Cotton is grown in both Eurasia and America; woven cotton survives from about 2500 BC in the Indus valley and slightly later in Peru. The most precisely localized source of any major fabric is China, where pieces of woven silk are known from about 2850 BC.
 








Pottery: from 6500 BC

One of the most useful of all human discoveries is pottery. Indeed a standard distinction made by archaeologists, when describing successive cultures in an area, is between groups which are 'aceramic' (without pottery) and others which have mastered the technology of clay and kiln.

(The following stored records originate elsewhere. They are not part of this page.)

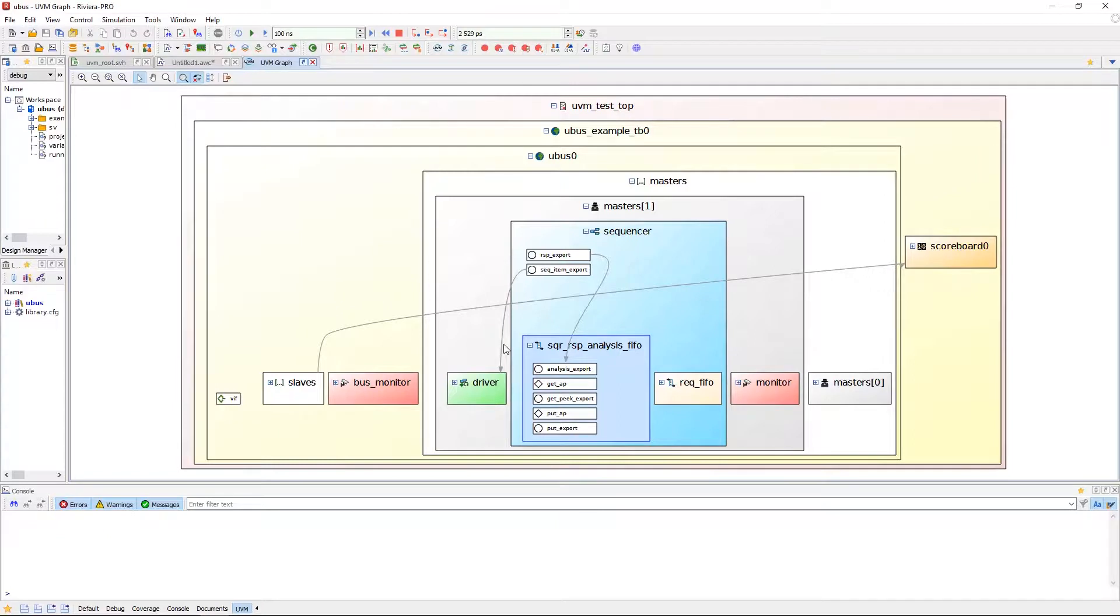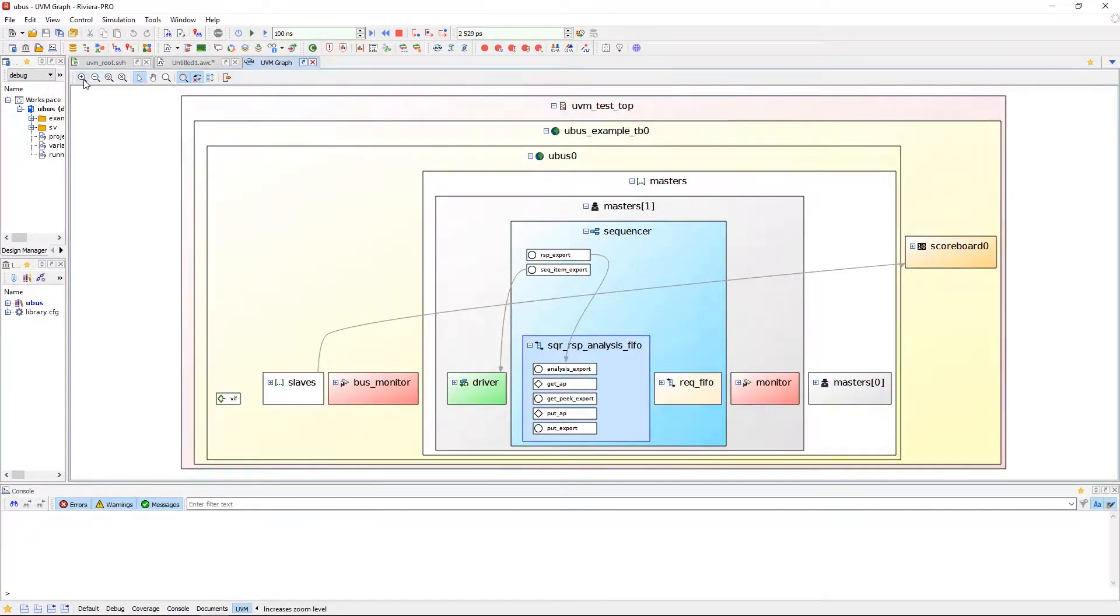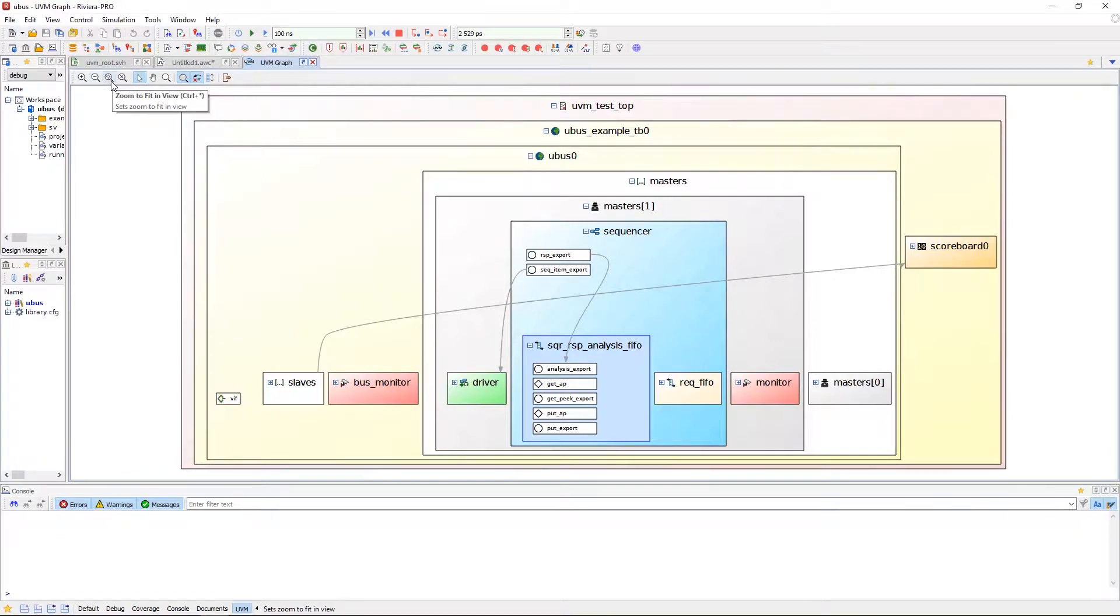There are some tools available to you in the toolbar of the UVM Graph Viewer. There are various zooming features like zoom in, zoom out, zoom to fit, and reset zoom.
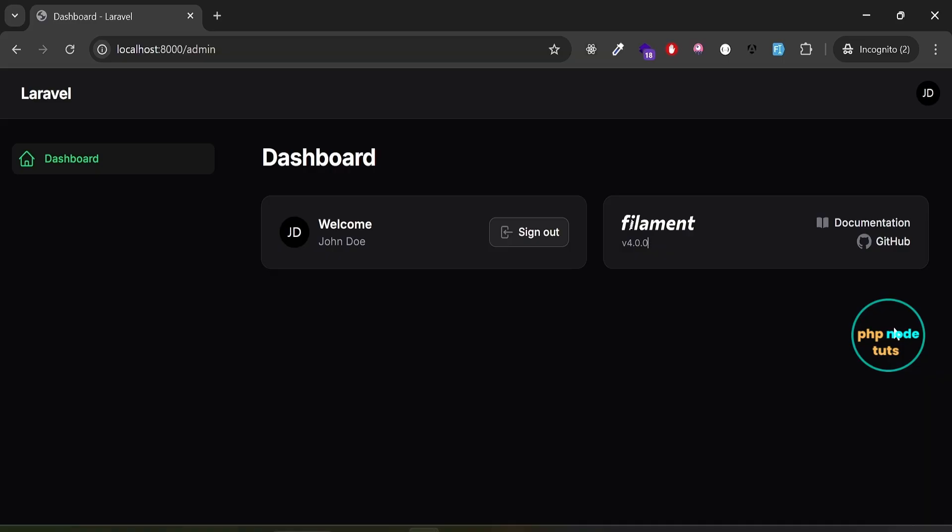So, here's my filament dashboard. As you can see, by default, filament shows two widgets: the account info widget and the filament info widget.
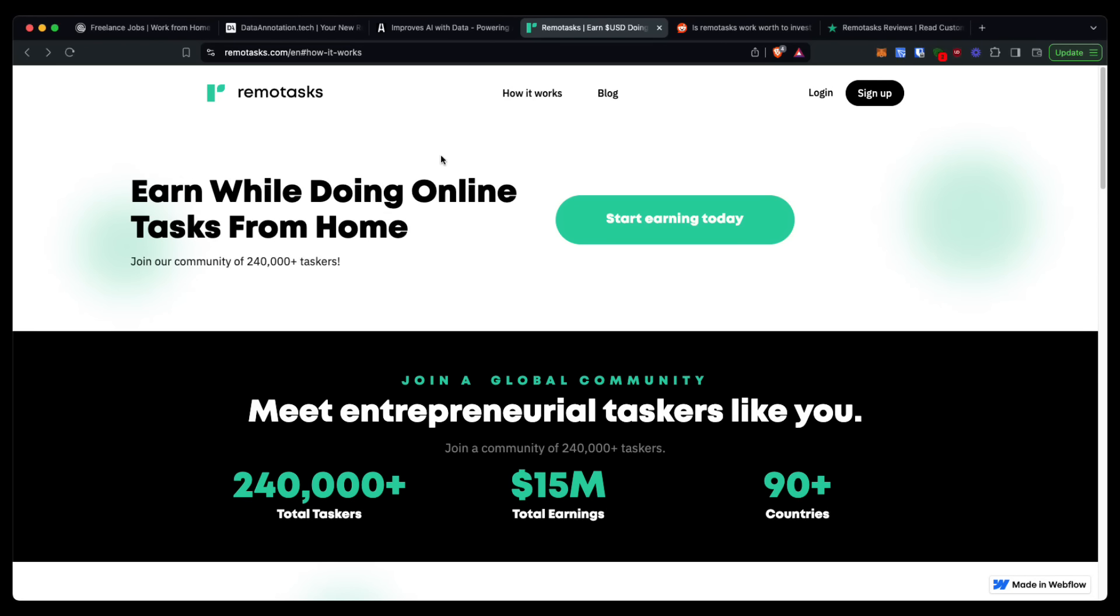RemoteTasks review. What's up guys and welcome back to the channel. In today's video, it's going to be a brief one. I'm going to be going over RemoteTasks, giving you my review on this website and more information about exactly how it works so that you can make an informed decision on whether or not this is worth your time.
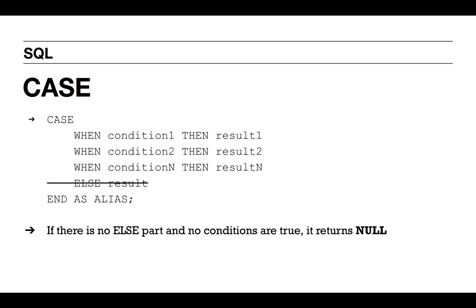ELSE is optional, but if you don't include an ELSE and none of the conditions are true, the CASE statement will return a null value. So it's something to keep in mind how you want the final report to be, because the end user may not know how to properly interpret null. It's usually better practice to include the ELSE statement.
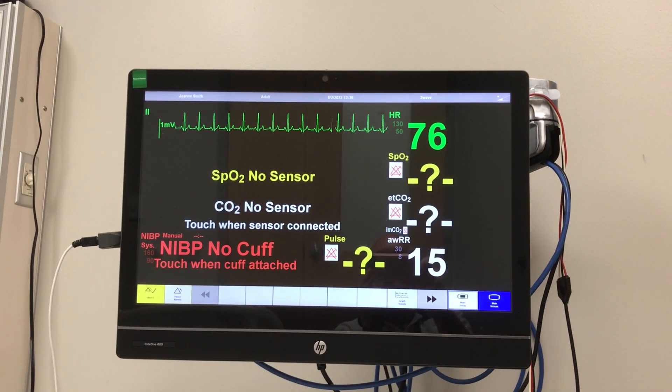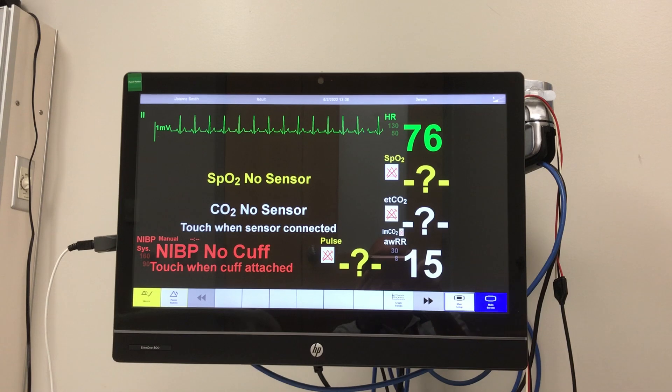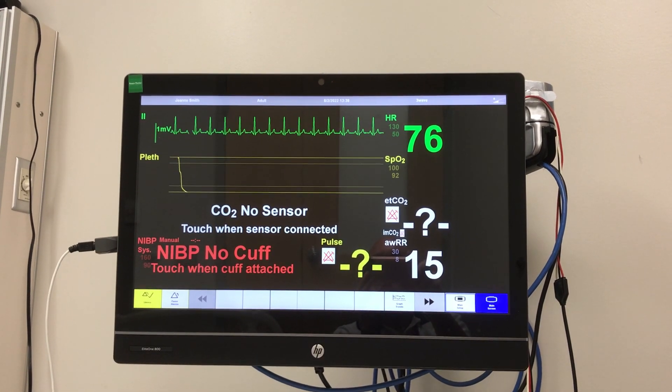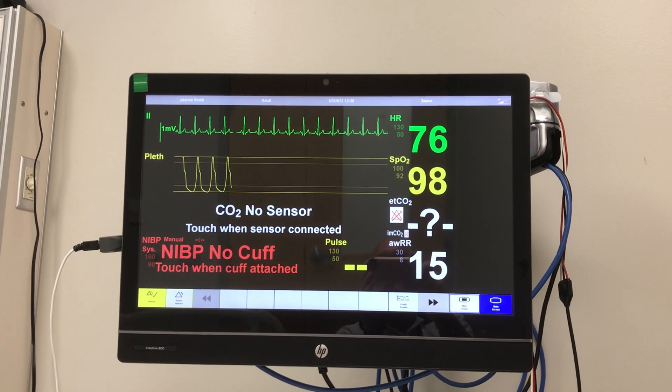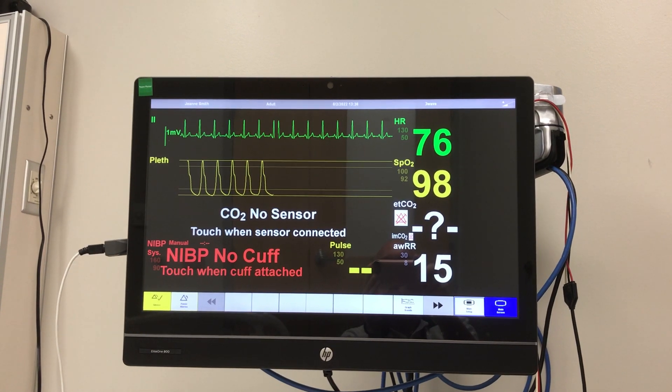For SpO2, you grab the SpO2 sensor, attach it to the patient, and you automatically get a SpO2 reading.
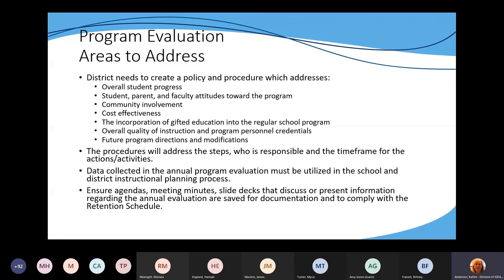The regulation says that you've got to have policies and procedures for all of the sections of the regulation. Oftentimes people have policies, but they don't necessarily have procedures. Remember that procedures are step-by-step instructions about how the policy will be carried out — often including who's going to be responsible, the time frame, and the directions of how something is going to occur.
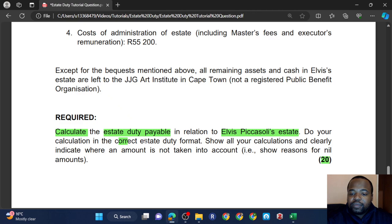From the last lecture, you learned that the person who gets a usufruct will be liable for a portion of the estate duty. The only reason you'd calculate the value of the usufruct is to determine what portion of the estate duty payable is attributable to the person getting the usufruct. So that would be the value of the usufruct over the net estate value of Elvis's estate multiplied by the estate duty, giving you the portion attributable to the usufruct.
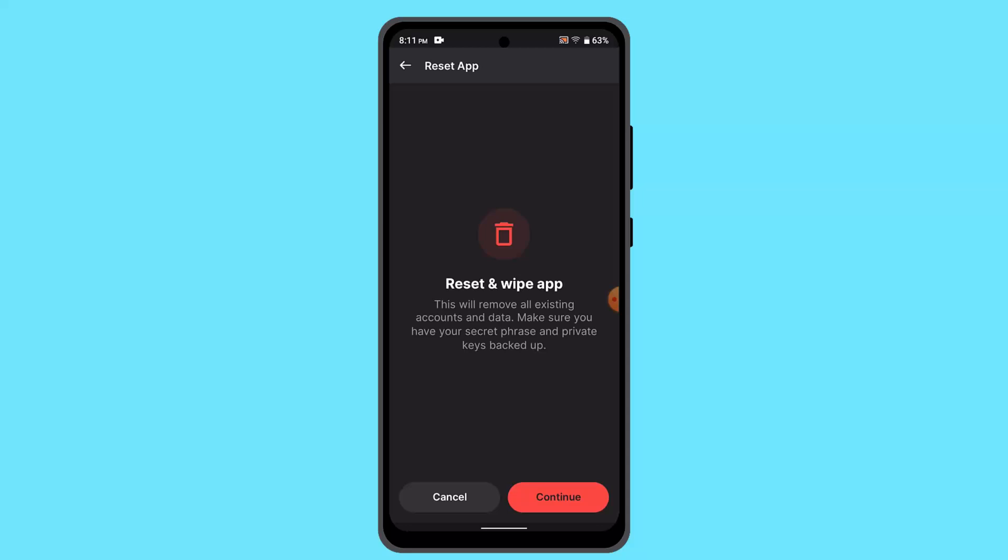So click the continue button if you're sure about it and you have successfully logged out of your Phantom wallet account. That is how you can log out of your Phantom wallet account.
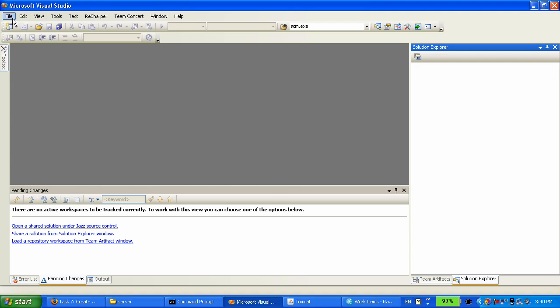This is Visual Studio with Team Concert client integrated. You can see we have a menu there with Team Concert. We have a pending changes view that's used to track the synchronization state of your source code with the JAS server. Exactly the same as what you have in the Eclipse Team Concert client.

In western Asia, where the Neolithic Revolution is most advanced, the first pottery at sites such as Catal Huyuk dates from about 6500 BC.
 









The earliest wares at Catal Huyuk are made by one of the standard methods of primitive potters. Rings or coils of clay are built up from a circular base. The walls of the pot are then smoothed and thinned (by simultaneous pressure on the inner and outer surfaces) before being fired in a bread oven or in the most elementary of kilns - a hole in the ground, above which a bonfire is lit.

Early neolithic pottery is usually undecorated. Where there is decoration, it takes the form of patterns cut or pressed into the damp clay.
 






Alcohol: from the 4th millennium BC

Humans must frequently have discovered, in a series of happy accidents, the pleasant side-effects of drinking the fermented juice of grape or grain. The earliest evidence of the systematic production of alcohol comes from Mesopotamia, where by the 4th millennium BC beer is brewed on a regular basis. Barley is indigenous in the region.

Beer subsequently becomes the national drink of ancient Egypt. From there the secrets of brewing spread round the Mediterranean. A standard way of achieving the necessary mix of barley and yeast is to allow mashed barley bread to ferment. So brewing becomes, in these early times, part of the baker's trade.